#### [WHAT TO DO]
What you return must match the listing word for word.

#### [RECORDED INFORMATION]
Segment Open
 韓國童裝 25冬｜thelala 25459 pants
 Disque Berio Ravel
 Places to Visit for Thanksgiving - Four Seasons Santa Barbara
Segment Closed
#### [EXERCISE ANSWER]
 韓國童裝 25冬｜thelala 25459 pants
 Disque Berio Ravel
 Places to Visit for Thanksgiving - Four Seasons Santa Barbara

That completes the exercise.